I came to Good Friday noon-day service at St. John’s Cathedral with unusual anticipation. My wife’s lung cancer was in its 19th month, and she had already outlived the very first diagnosis of 4-12 months that she had received in a blurry life-rearranging moment in September, 2022. The reality since that day has been like flying into – and out of – a fog bank: after the first 11 months of total unpredictability, the last 8 months have become unexpectedly stable. She has low energy, which is a real problem, but her health issues are no longer keeping us on high alert.

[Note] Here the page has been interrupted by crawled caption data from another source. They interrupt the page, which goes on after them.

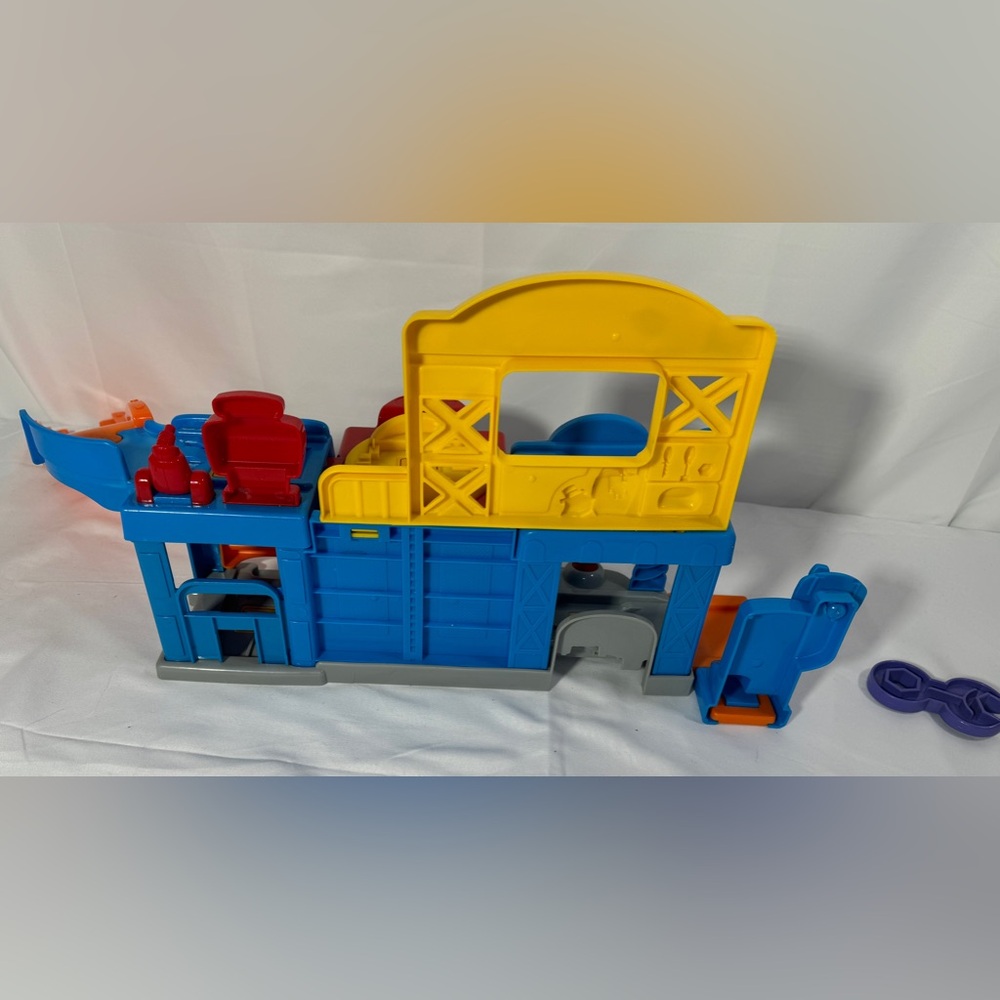 Vtech Go Go Smart Wheels Lift & Fix Repair Shop Toy Auto Repair Shop Playset - Picture 8 of 13
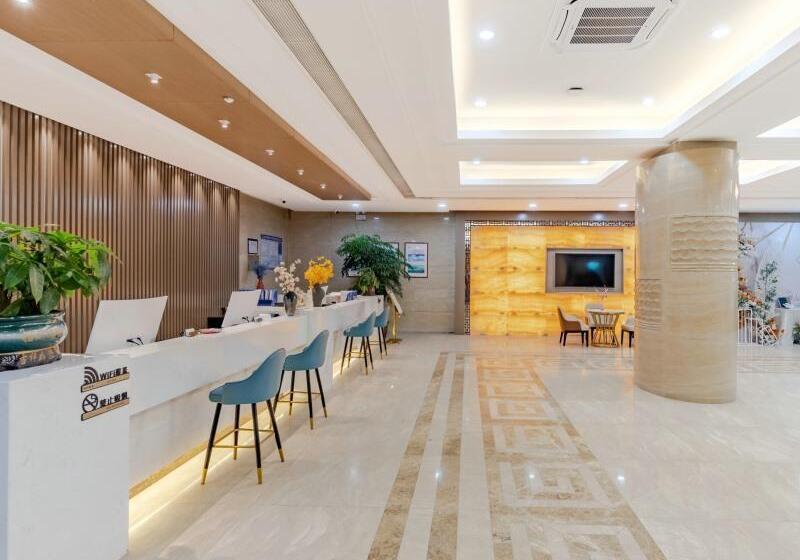 Отель Greentree Eastern Chizhou Changjiang Middle Road Rtmart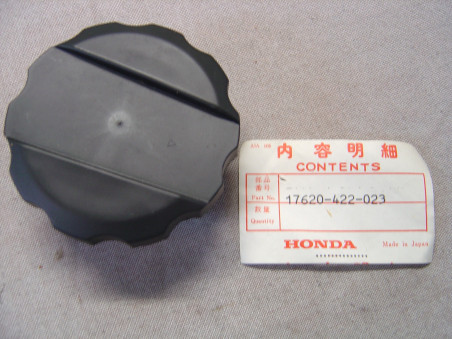 Bouchon réservoir Honda noir mat – Réf. 17620422023
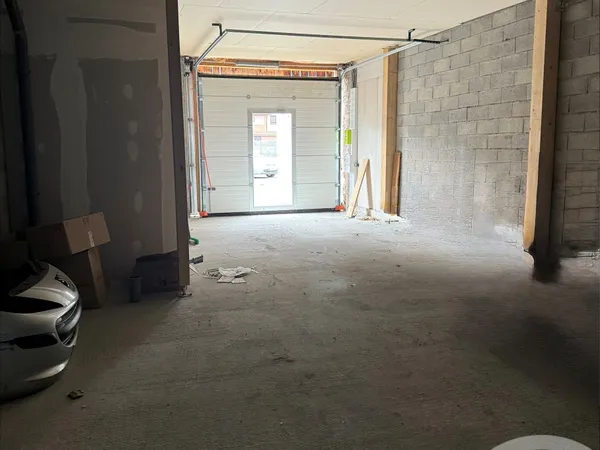 Local professionnel 65 m²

Through the ups and downs of this journey, my singular mantra over the last 18 months has remained a passage from Cynthia Bourgeault’s Eye of the Heart:
All roads eventually lead to a mysterious waiting in emptiness . . . The heart will always know what it wants, deep inside, and does not need to be reminded. Do not use your mind to create scenarios for your heart. When the time is right, the heart’s own speaking will be clear (122).
For the first time in my life, I copied down a passage on a 3 x 5 card – “mysterious waiting in emptiness” – and posted it on my nightstand as a reminder to let go of future expectations.
It seems, then, that Zella and I came to this Good Friday service in a posture of waiting, seeking wisdom from Jesus himself, who knowingly walked the kenotic path to the end.